── Data supplied
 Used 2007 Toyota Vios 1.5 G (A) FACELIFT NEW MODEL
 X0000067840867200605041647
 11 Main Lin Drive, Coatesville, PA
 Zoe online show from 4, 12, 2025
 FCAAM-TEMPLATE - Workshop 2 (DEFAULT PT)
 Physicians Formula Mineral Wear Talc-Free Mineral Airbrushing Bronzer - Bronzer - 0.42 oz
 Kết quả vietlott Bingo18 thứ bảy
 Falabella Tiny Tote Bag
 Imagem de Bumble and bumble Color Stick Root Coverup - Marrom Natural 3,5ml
────
── Data supplied
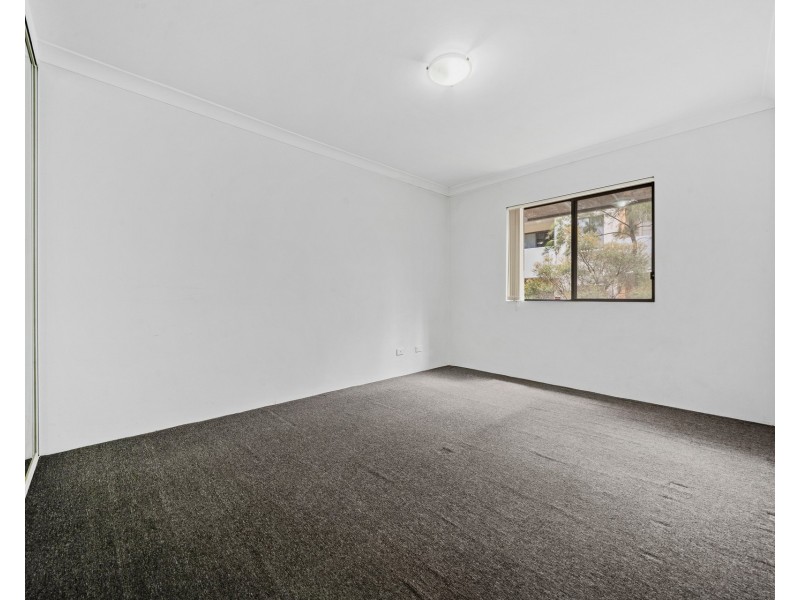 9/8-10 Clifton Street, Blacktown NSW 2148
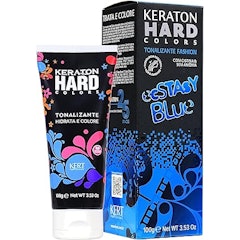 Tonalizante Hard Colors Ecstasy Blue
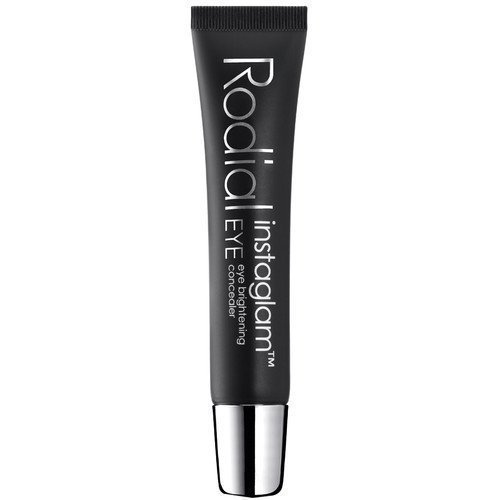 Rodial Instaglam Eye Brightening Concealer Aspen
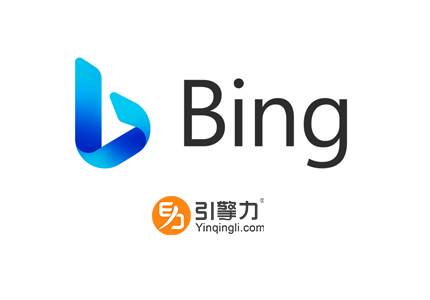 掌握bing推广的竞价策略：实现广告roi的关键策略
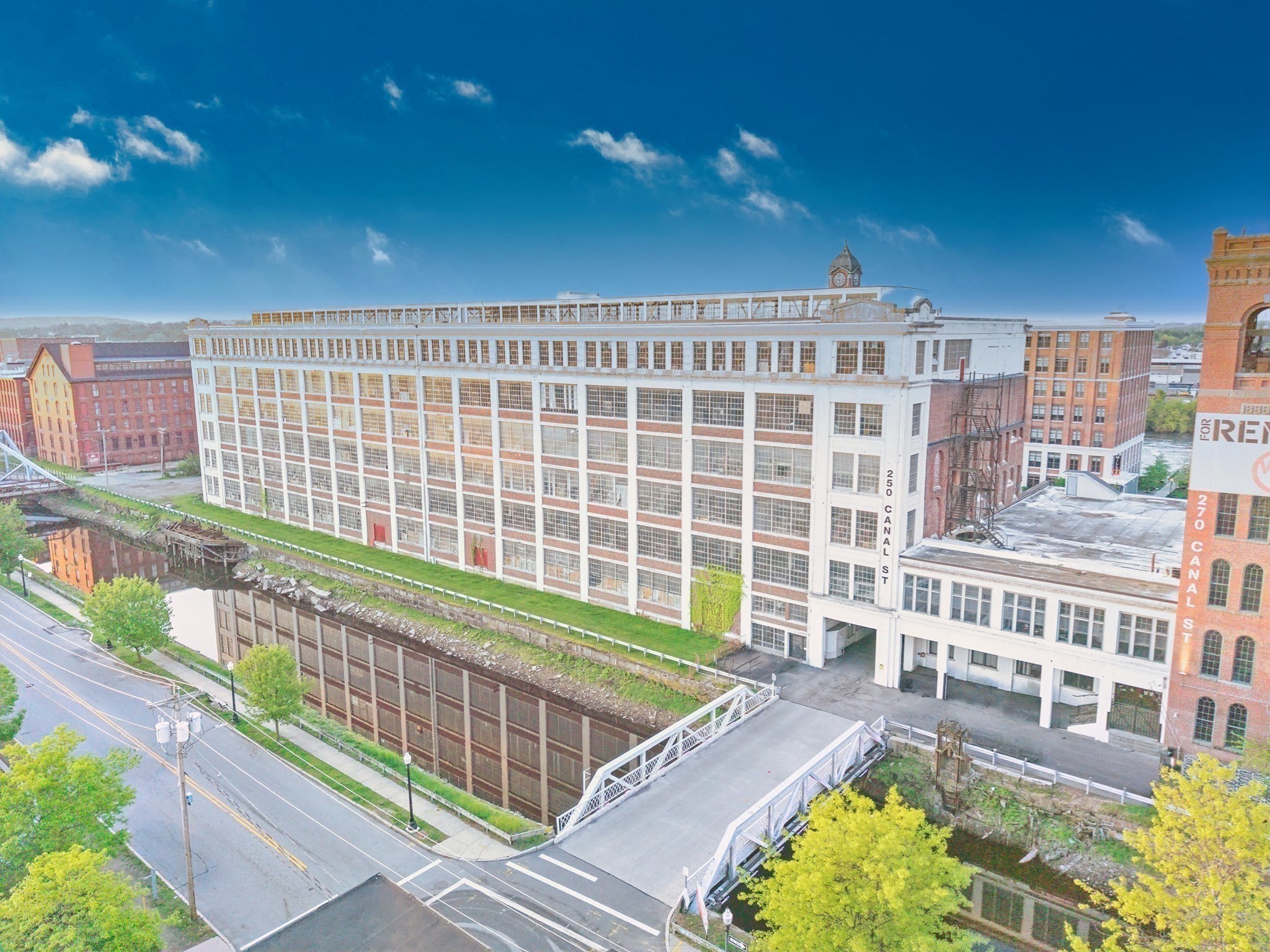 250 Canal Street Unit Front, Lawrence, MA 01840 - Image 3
────
Restate word for word the entries above, starting at the line with "Falabella Tiny Tote Bag" and ending at the line with "Imagem de Bumble", inclusive, and no others.

• **Written solution**:
 Falabella Tiny Tote Bag
 Imagem de Bumble and bumble Color Stick Root Coverup - Marrom Natural 3,5ml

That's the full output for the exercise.